**Captioned web image data**.
★ ★ ★ ★

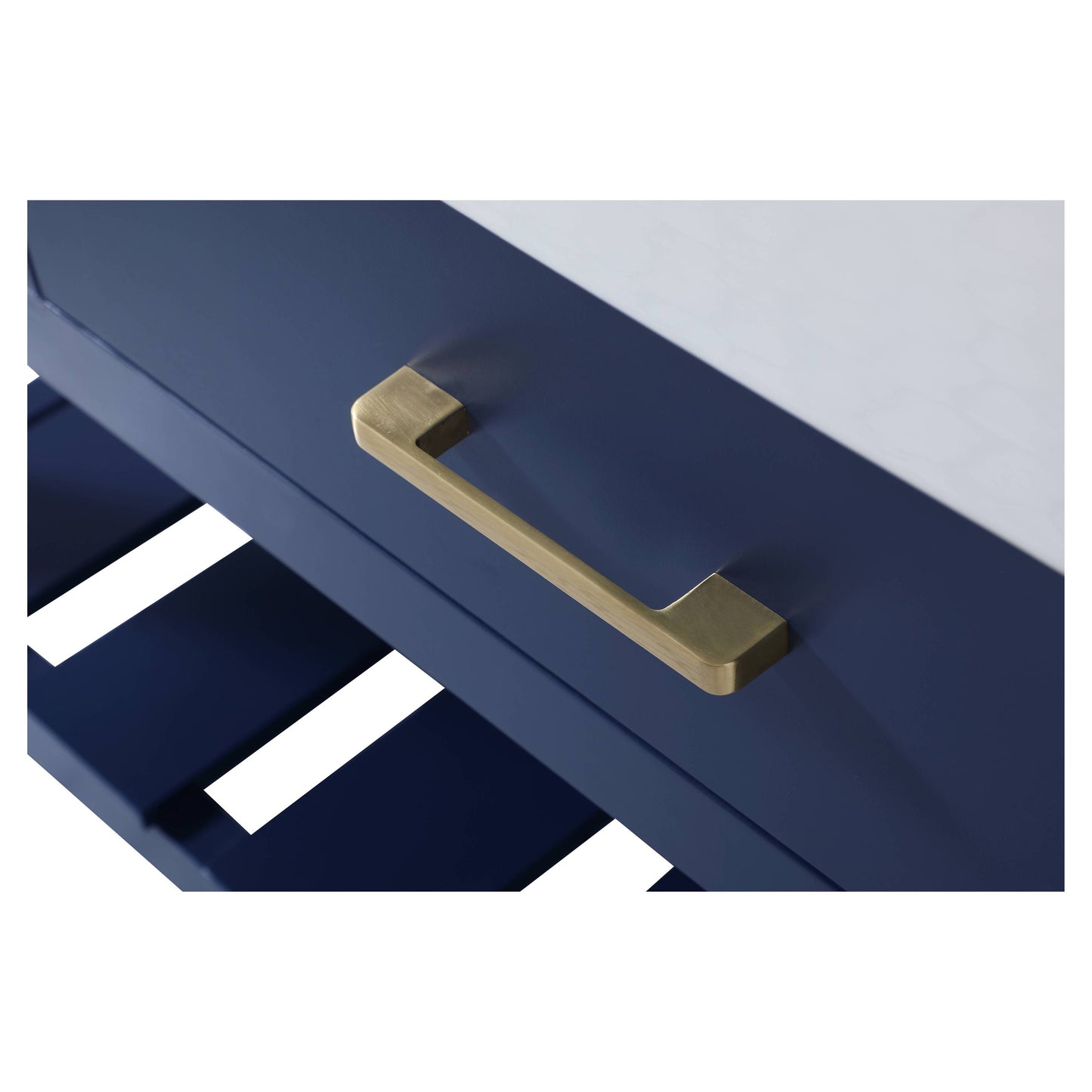 VF60148BL-BS 48" Single Bathroom Vanity in Blue With Backsplash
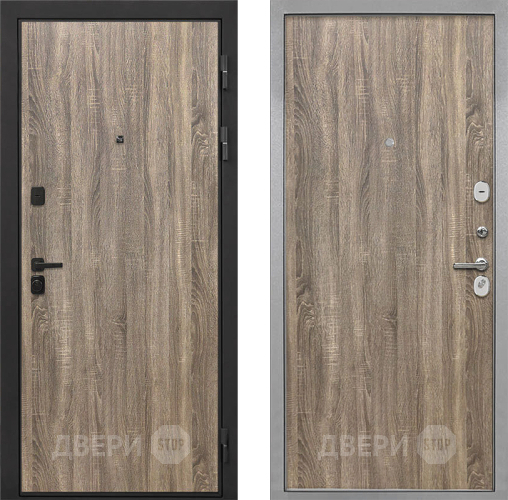 Входная металлическая Дверь Интекрон (INTECRON) Профит Black Дуб Турин Гладкая Дуб турин в Рузе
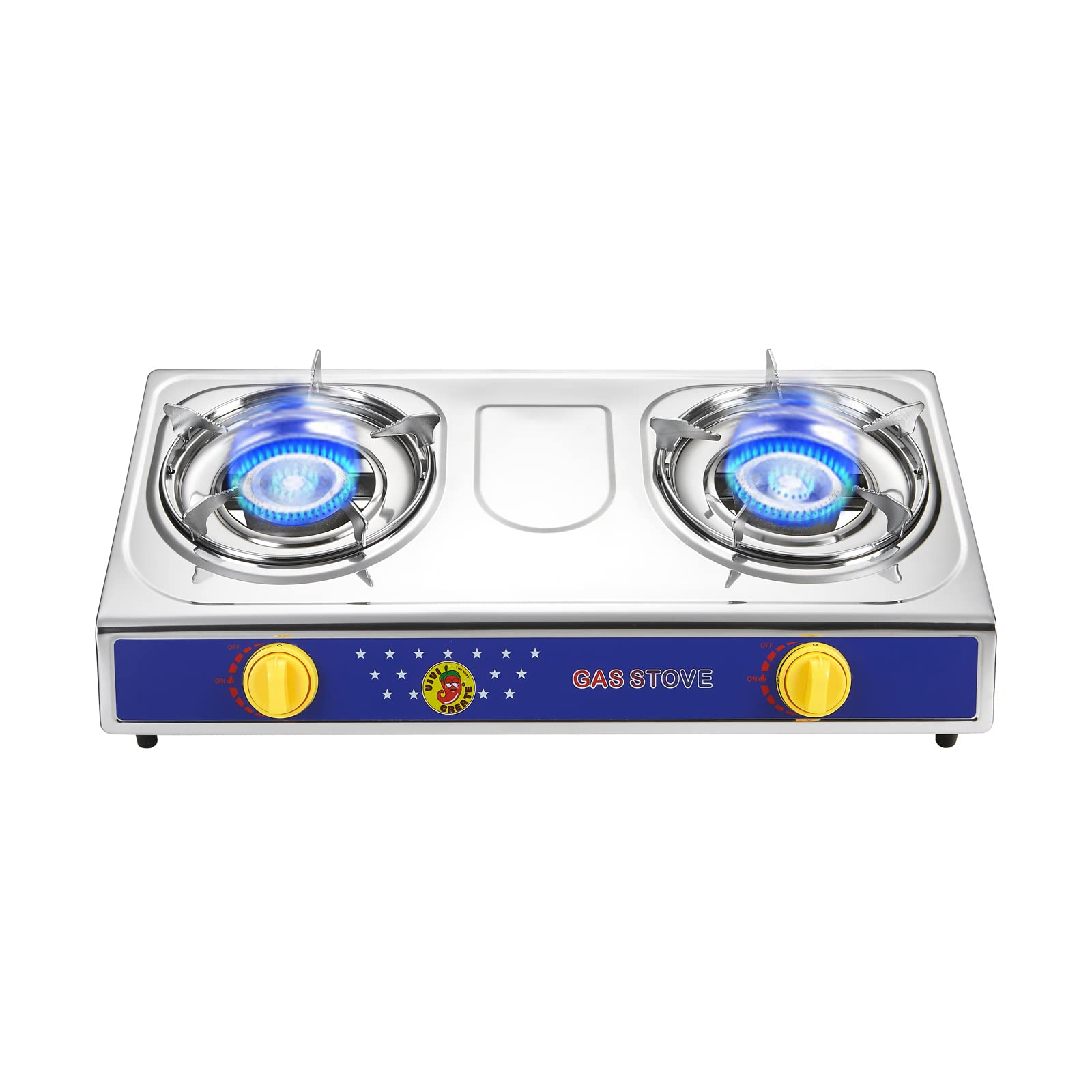 Vivicreate 2 Burner Propane Gas Stove Outdoor Cooking Portable Double Burner Propane Cooktop Burners For Camping Bbq Patio Fryin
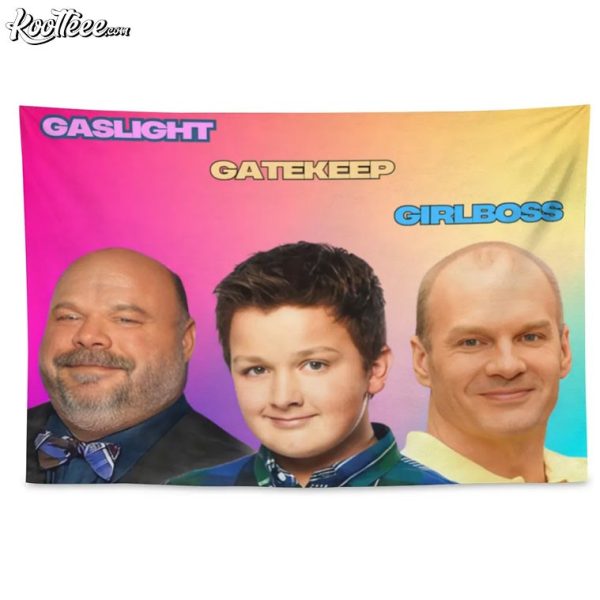 Gibby Funny Gaslight Gatekeep Girlboss Wall Tapestry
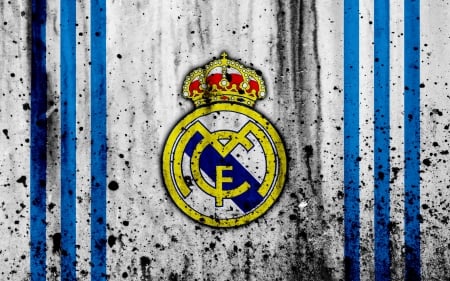 Real Madrid C.F. - hala madrid, soccer, realmadrid, logo, real, madrid, real madrid, madridista, football, emblem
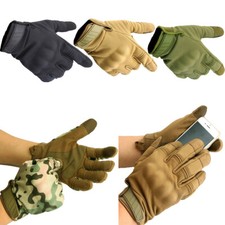 Men Women Tactical Hunting Full Finger Gloves Touch Screen Cycling Mittens USA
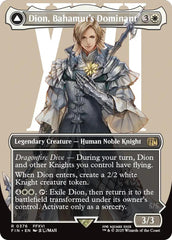 Dion, Bahamut's Dominant // Bahamut, Warden of Light (Borderless) [FINAL FANTASY] | Gear Gaming Fayetteville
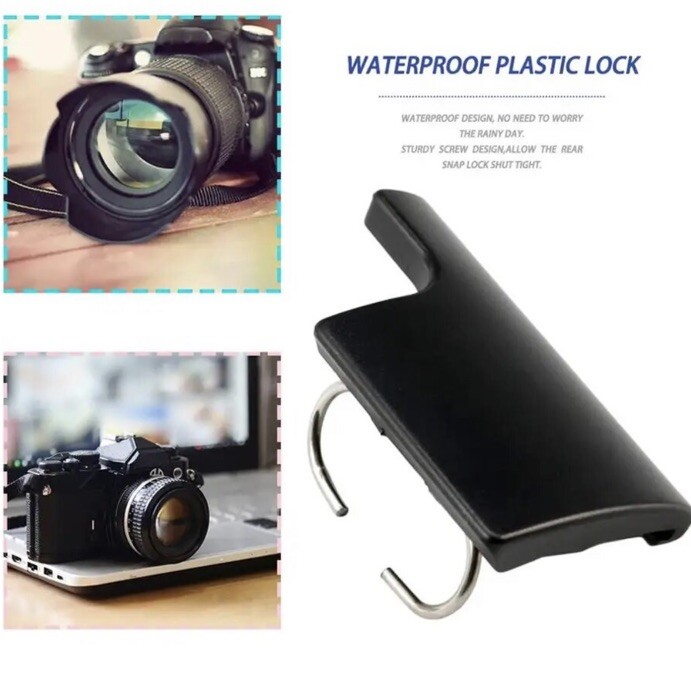 GOPRO HERO 3 + 4 SILVER EDITION LOCK ZIPPER LOCK HOOK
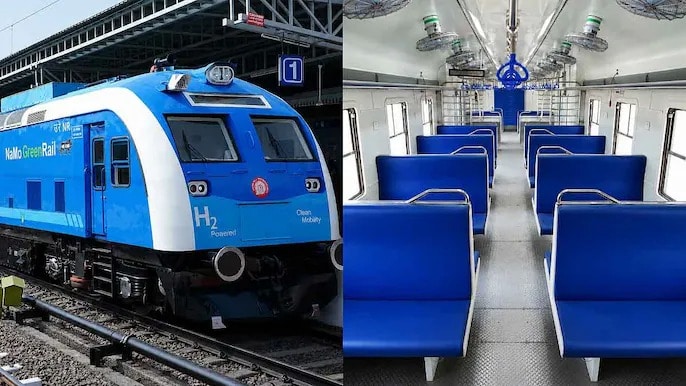 2400 किलोवाट पावर से कैसे चलती है हाइड्रोजन ट्रेन 2400 किलोवाट पावर से कैसे चलती है हाइड्रोजन ट्रेन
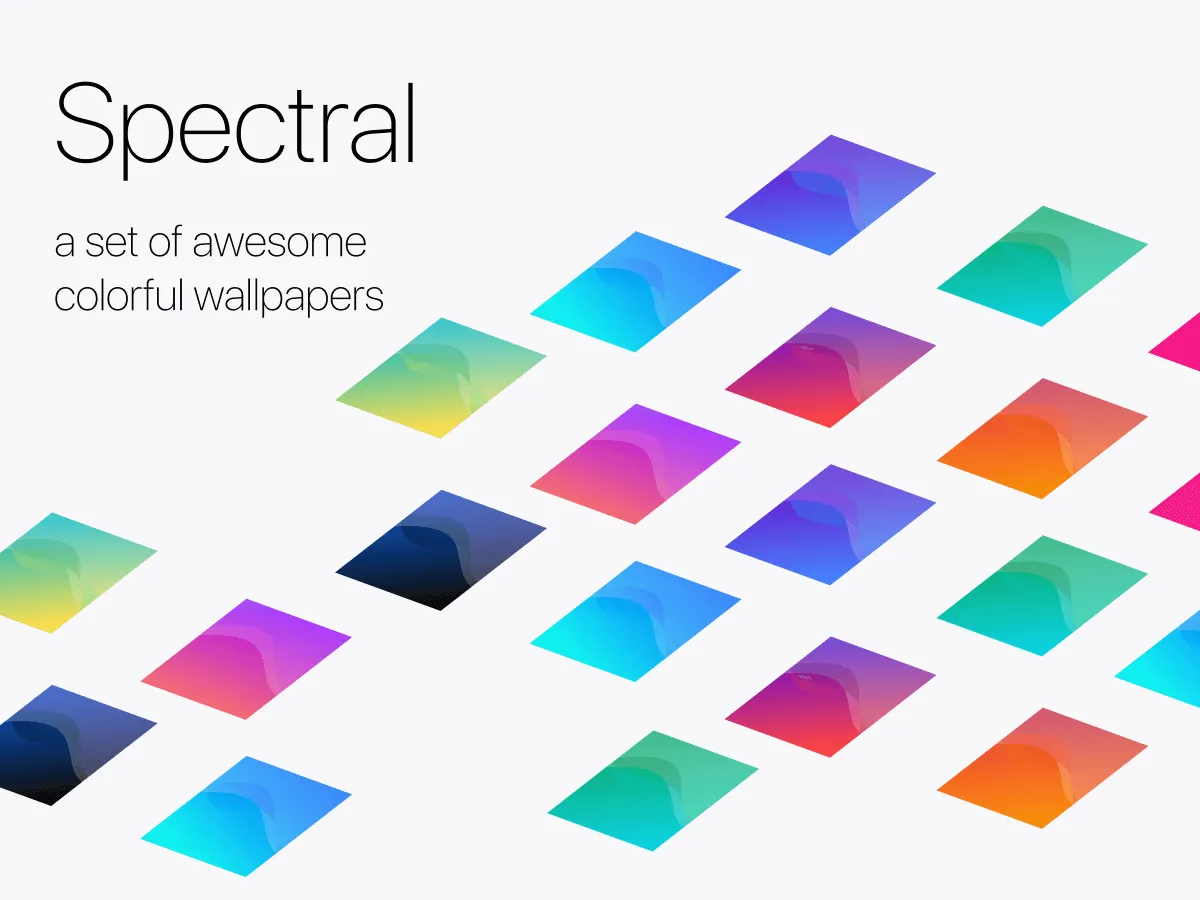Colorful Wallpapers Set  - Free Figma Template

★ ★ ★ ★

**TASK DIRECTIONS**. Using the entries above, write out exactly the lines from the one with "Входная металлическая Дверь" through the one with "Dion, Bahamut's Dominant", ends included. Leave out any pictures.

**WRITTEN ANSWER**.
 Входная металлическая Дверь Интекрон (INTECRON) Профит Black Дуб Турин Гладкая Дуб турин в Рузе
 Vivicreate 2 Burner Propane Gas Stove Outdoor Cooking Portable Double Burner Propane Cooktop Burners For Camping Bbq Patio Fryin
 Gibby Funny Gaslight Gatekeep Girlboss Wall Tapestry
 Real Madrid C.F. - hala madrid, soccer, realmadrid, logo, real, madrid, real madrid, madridista, football, emblem
 Men Women Tactical Hunting Full Finger Gloves Touch Screen Cycling Mittens USA
 Dion, Bahamut's Dominant // Bahamut, Warden of Light (Borderless) [FINAL FANTASY] | Gear Gaming Fayetteville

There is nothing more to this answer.